Like a polar bear with horns
Biologist discovers rare albino muskox on Ellesmere Island
Watch out — that polar bear you see may actually turn out to be an albino muskox.
Mitch Campbell, a biologist with the Government of Nunavut in Arviat, told CanWest Global this week about the rare albino muskox he spotted during a recent aerial survey of Ellesmere Island.
When Campbell flew over a small herd, the bright-white muskox stood out “like a neon sign.”
“When you see an animal that’s normally very dark brown, when you see that animal pure white, it’s kind of heart-stopping,” he told CanWest.
Campbell is not the first to see an albino muskox in the High Arctic.
During waterfowl surveys in August 1971, Ernie Kuyt from the Canadian Wildlife Service saw a light-coloured muskox in the herd of 23 along the Atkinson Point River. In the journal Arctic, Kuyt described the muskox as a large adult of a “pale creamy-yellow” colour.
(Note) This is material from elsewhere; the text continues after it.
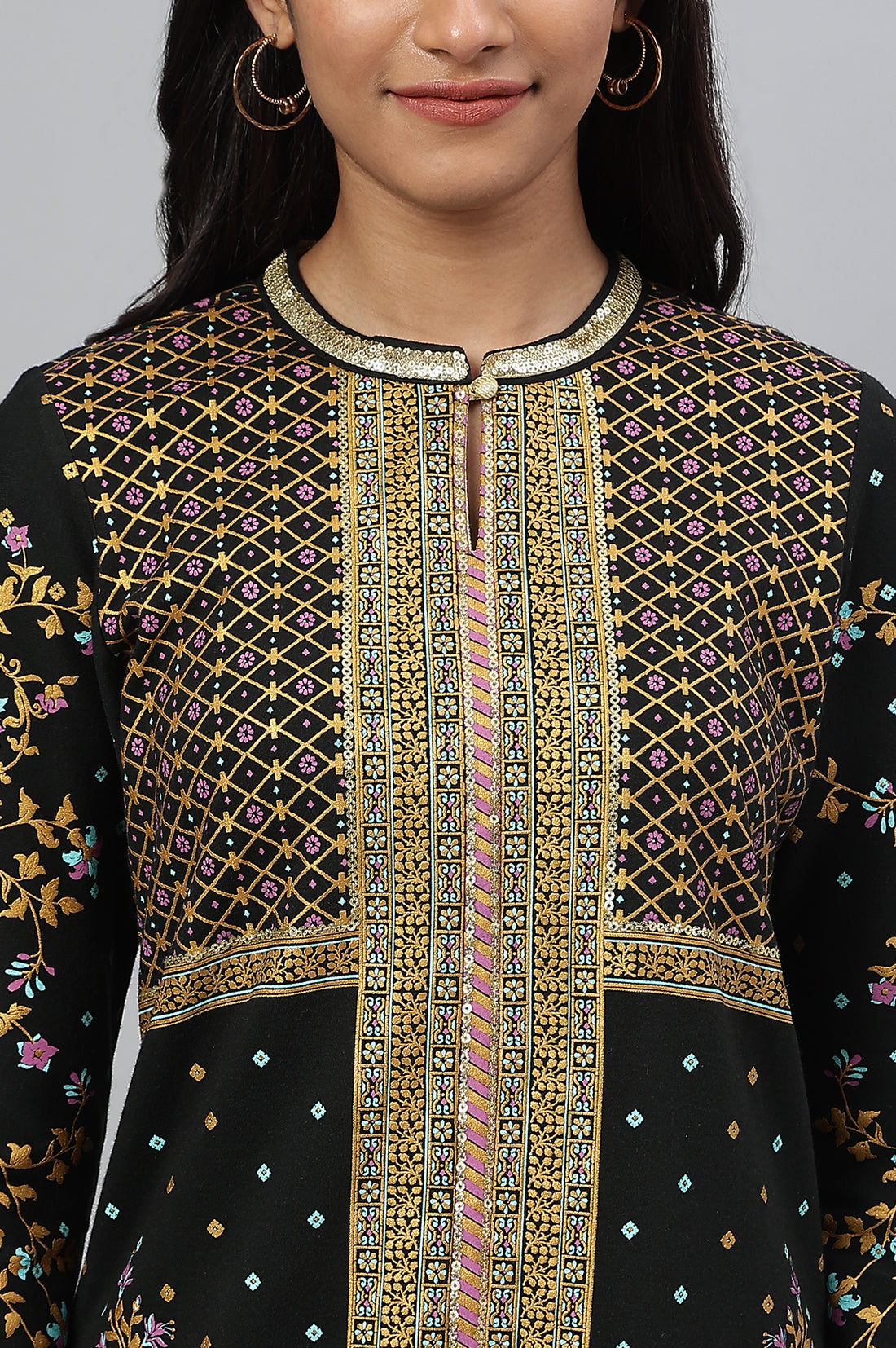 Black Printed Winter Festive kurta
Photographs taken at the time show the muskox was accompanied by a yearling of normal brown colour.
“We were unable to get a good look at the cow’s horns but they appeared paler than in muskoxen,” Kuyt wrote.
Early explorer Frederic Mcdougall saw another adult albino cow muskox on June 18, 1853, at Cape Smyth, Melville Island. That muskox was followed by a black calf.
Albinism, which comes from Latin word albus, meaning “white,” is a lack of pigmentation in the eyes, skin and hair. It is an inherited condition resulting from the combination of recessive genes passed from both parents of an individual, which is known to affect mammals, fish, birds, reptiles, and amphibians.
The gene prevents the body from making the usual amounts of a pigment called melanin that protects the skin from ultraviolet light coming from the sun.
Organisms with albinism lack this protective pigment in their skin, and can burn easily from exposure to the sun as a result. Lack of melanin in the eye also results in problems with vision.
However, albinos are generally as healthy as the rest of their species, with growth and development occurring as normal.
But some lose their protective camouflage and are unable to conceal themselves, so the survival rate of albino animals in the wild is low.